More on the company that created the signage for Chi-nnati's, inside and out.
“Anymore, the unusual is the norm for us,” says Dan Ehrman, Harlan’s vice president of purchasing. It was his brother Larry who started the company. Ehrman, who has been with Harlan for 15 years, recalls the day when the company began its switch to bigger and better things.
“A salesman came in one day with a 36-inch inkjet and said, ‘Sell one print a day and you’ll pay for it.’ That was the beginning,” he says.

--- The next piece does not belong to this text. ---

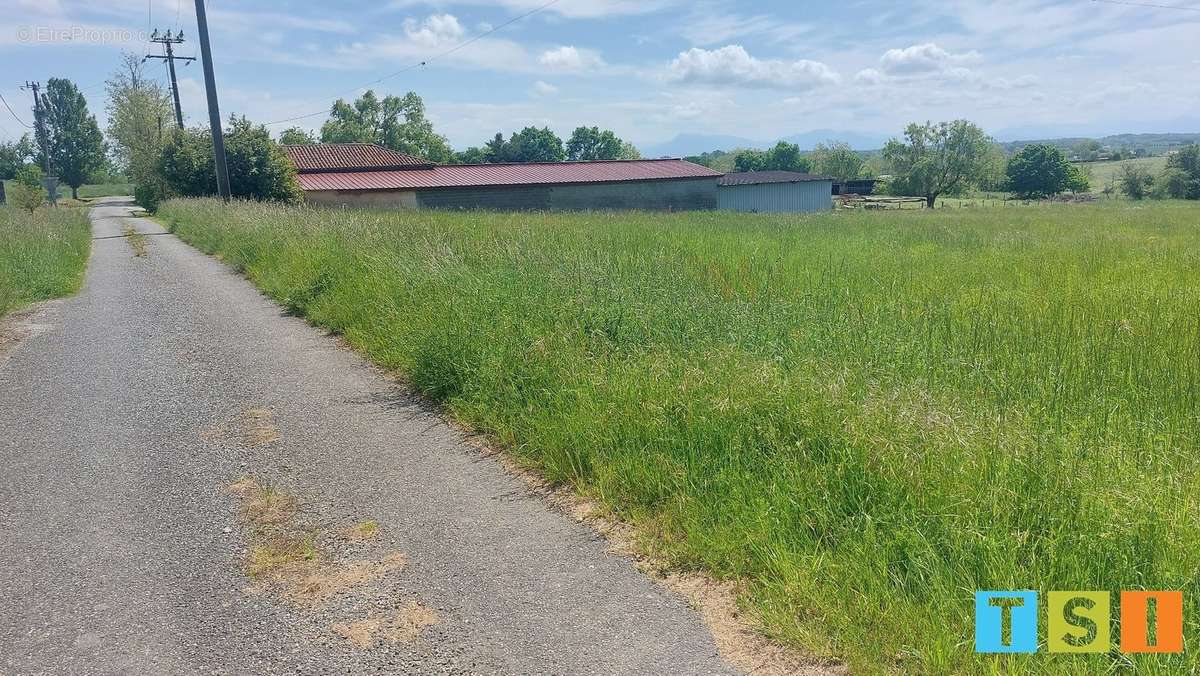 Terrain à CIADOUX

Ehrman can’t recall the brand of that inkjet, bought nearly 10 years ago, but, “As we continued to grow, we kept buying inkjets.” Now, years later, Harlan has an array of printers at its nearly 40,000-square-foot facility. In addition to the printers referenced in the text, the shop has in-house a DuPont Artistri 2020, Roland SolJet Pro III, an HP Designjet 5000ps, and a Mimaki CJV 30-160.
The company’s growth has largely been customer-driven, with clients suddenly demanding a variety of services. Harlan entered the cut-vinyl business, Ehrman says, and then customers began asking for more signage projects. “From there we received requests for large-scale vinyl and wall murals,” he says.

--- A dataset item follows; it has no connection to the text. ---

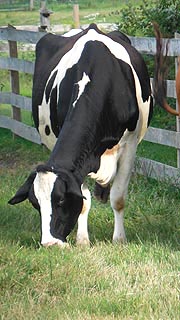 [photo, Milk Cow, Kinder Farm Park, Millersville, Maryland]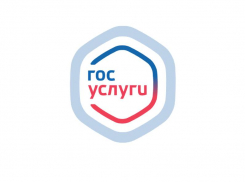 Теперь на госуслугах можно регистрироваться с 14 лет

Harlan added fabric-printing capabilities six years ago. Its display division has grown over the last few years into a full metalworking and woodworking shop. Just last year, it shut its typesetting equipment down; it needed replacing, but no one was even asking for the service. The entire film department is gone as well.
But these new resources have landed Harlan some major clients, including Hilton Hotels. The company prints banners for the hotel chain’s food stations, consisting of the company’s namesake, Doubletree Hotels, Hampton Hotels, and Homewood Suites. When Harlan printed the laminated signs that sit on the buffets, Hilton needed to be sure they would be durable. “I took one of [the signs] home and washed it six times in the dishwasher,” says Ehrman, just to reassure them that the ink wouldn’t run.

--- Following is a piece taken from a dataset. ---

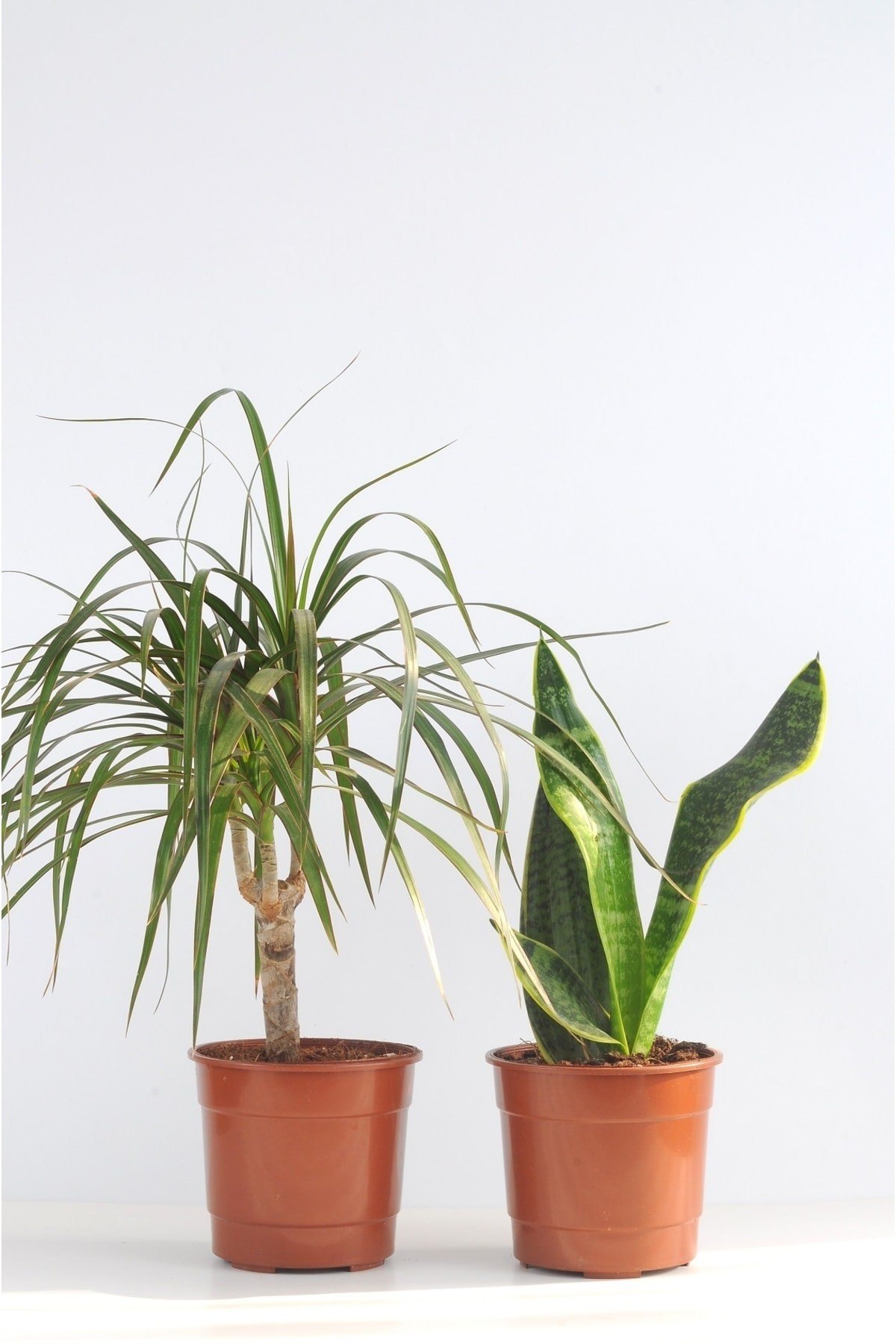 Paşa Kılıcı Ve Drasena Bitkisi Sansevieria Black Gold Drasena Marginata Üretim Saksılı 2'li Set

Which is another thing Harlan has come to pride itself on: personal touches. The 35-person company often invites potential clients to tour its facility. “If we can get the customers to come in here—because we are so diversified—they see the different processes we have and it gets the creative juices flowing,” Ehrman says. Whenever a client brings him a quirky project—like creating a graphic backing for an industrial baking pan, or 3-foot long CNC-routed flying spoons, complete with wings—he checks with the fabrication team about the capabilities, but they almost always say “yes.”